61. Mark Lemongello, 1976-1979 (Astros/Blue Jays)
Mark Lemongello’s career was short and mediocre. As a starting pitcher for the Astros and Blue Jays in the late 1970s, Lemongello showed flashes of both promise—decent ERA, a near no-hitter— and insanity—attacking fans, asking if Canadians “spoke American.” It was a few years after his career ended that things got interesting. With the help of ex-teammate Manny Seaone, Lemongello kidnapped his cousins Mark and Peter and robbed them of tens of thousands of dollars. Mark Lemongello was a professional bowler, Peter Lemongello an Italian-style crooner who sold millions of records in 1976 via direct advertising on television. Rumor and various unreliable blog sources have Lemongello as wandering the country, remaining one step ahead of his family and regular daily life.
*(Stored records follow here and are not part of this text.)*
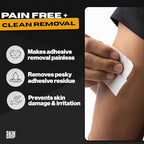Skin Grip Adhesive Remover Wipes - 50 Ct | Medical Adhesive Remover for Skin | Dexcom Patch Removal | Skin-Friendly Adhesive Removal Wipes | Ostomy Adhesive Remover Wipes | CGMs & Sensor Cleanup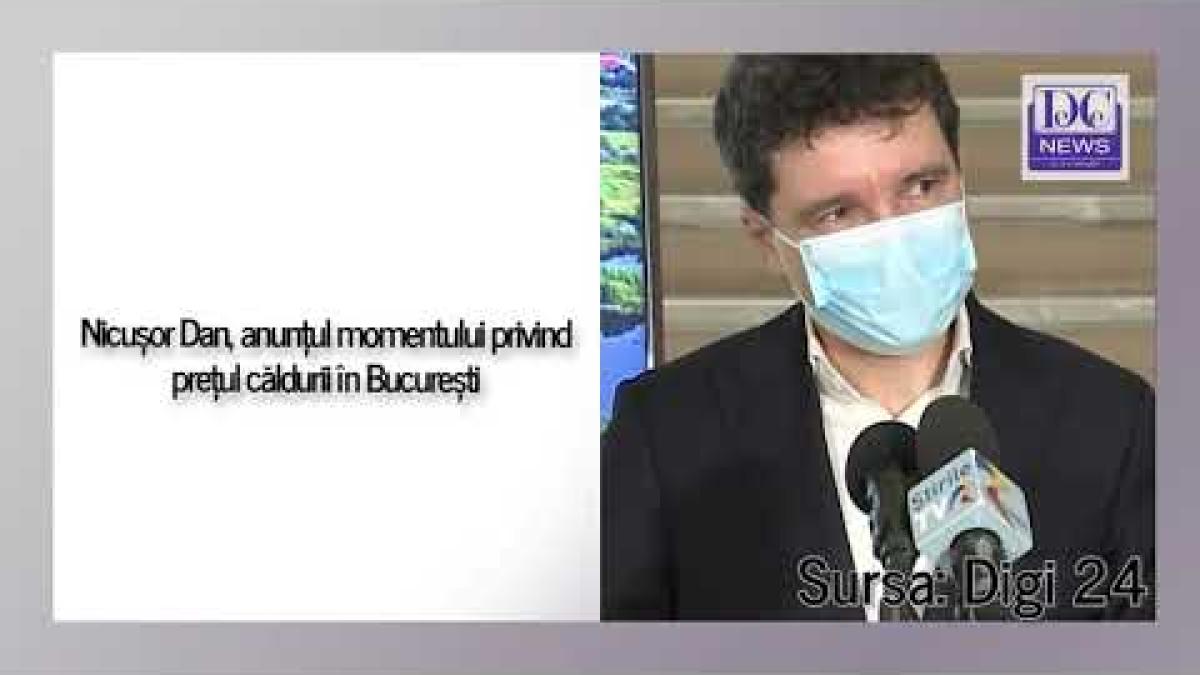 Nicușor Dan face anunțul momentului despre prețul căldurii în Capitală. Conferință de presă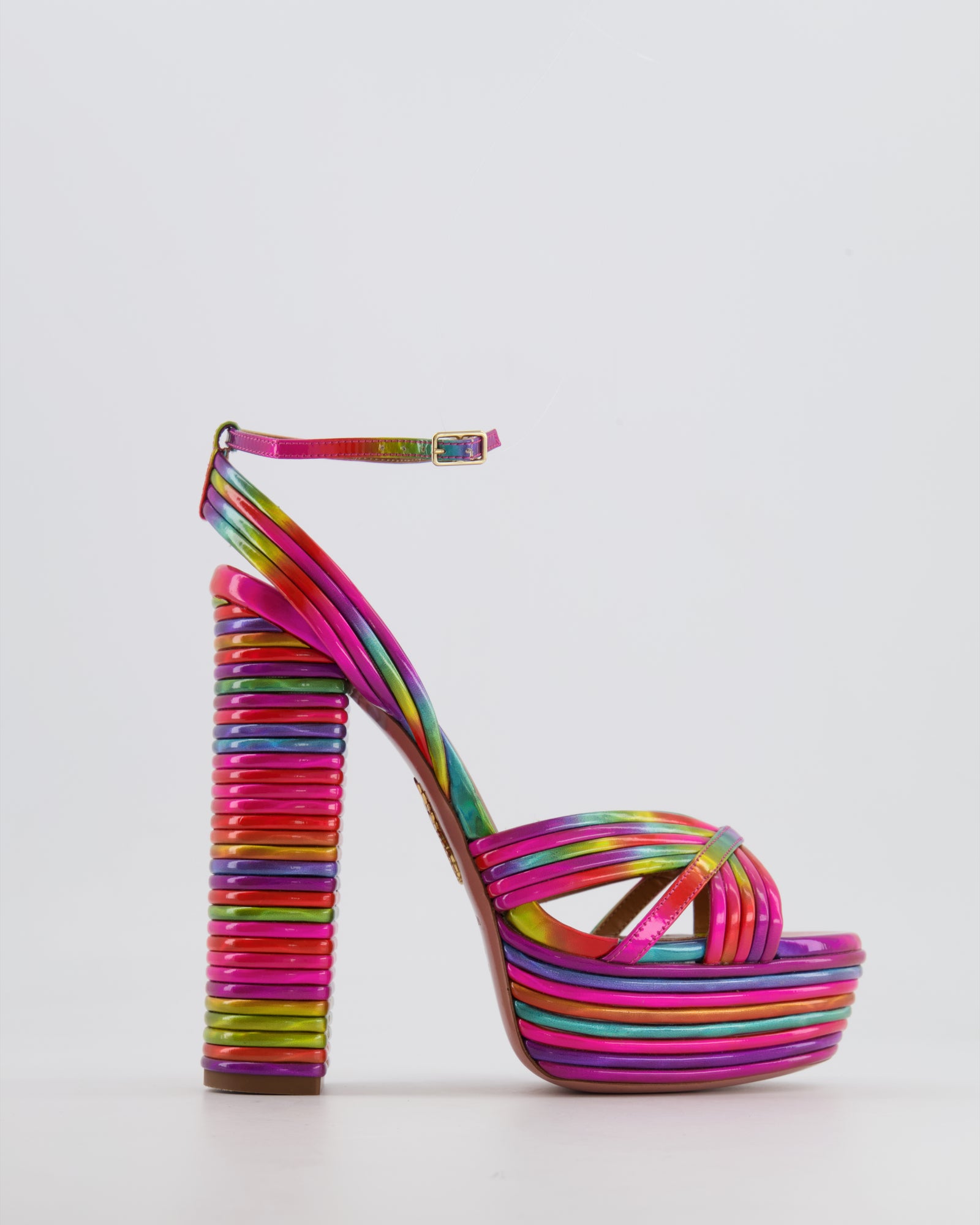 Leather Sandals Aquazzura Rainbow Aquazzura Tequila Rainbow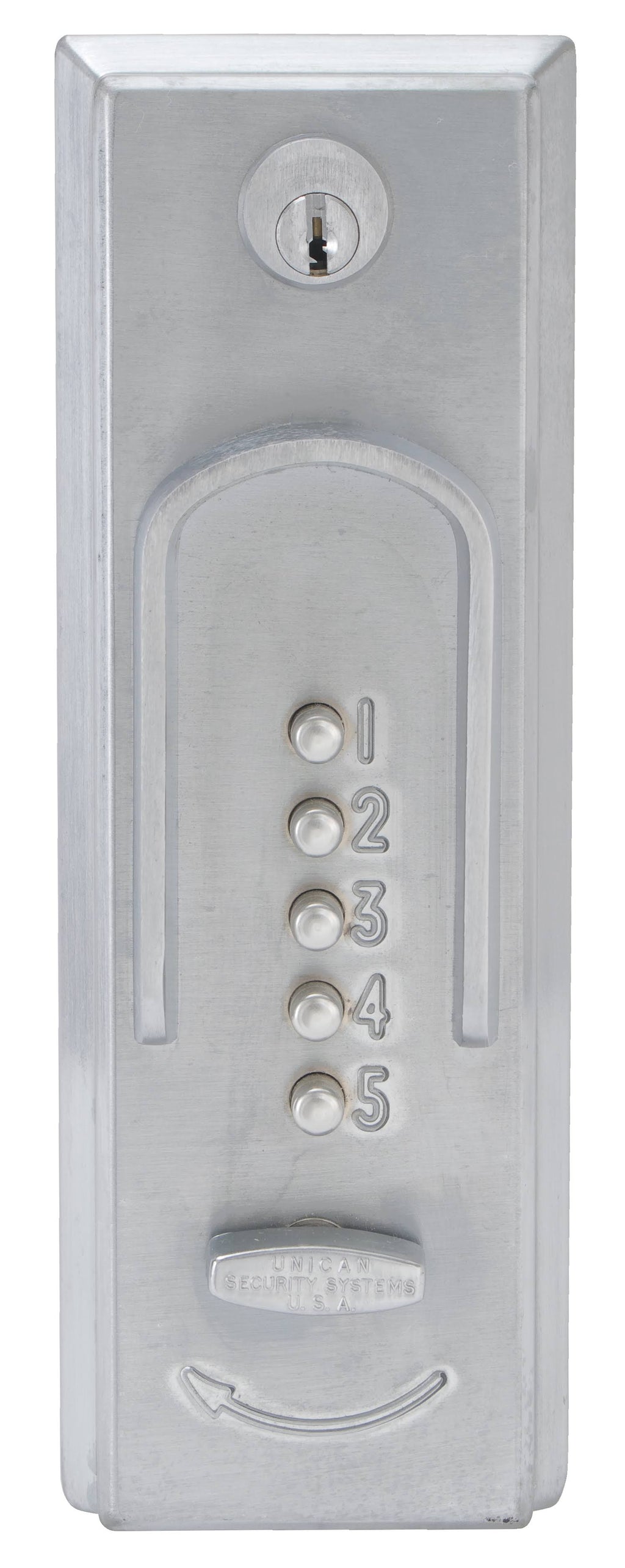 Mechanical Pushbutton Exit Trim Turnknob Lock Satin Chrome Finish X3688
68. Ray Oyler, 1965-1970 (Tigers/Seattle Pilots/Angels)
Ray Oyler was one of the worst baseball hitters of the modern era. He batted just .175 in his career and through the work of a clever disc jockey became a mascot for the futility of the short-lived Seattle Pilots. Over 15,000 Seattleites joined the “Ray Oyler S.O.C.I.T.TO.M.E .300 Club.” The acronym stood for “slugger Oyler can, in time, top our manager’s estimate” by hitting .300. Oyler never did, but his .165 average with the Pilots in 1969 was thirty points better than his previous season. After going “0 for August” for the 1968 Tigers, Oyler was yanked from his starting shortstop role shortly before the World Series in favor of an outfielder, Mickey Stanley, who had never played the position before. The Tigers won the World Series in seven games, partly because Ray Oyler didn’t get a single at-bat.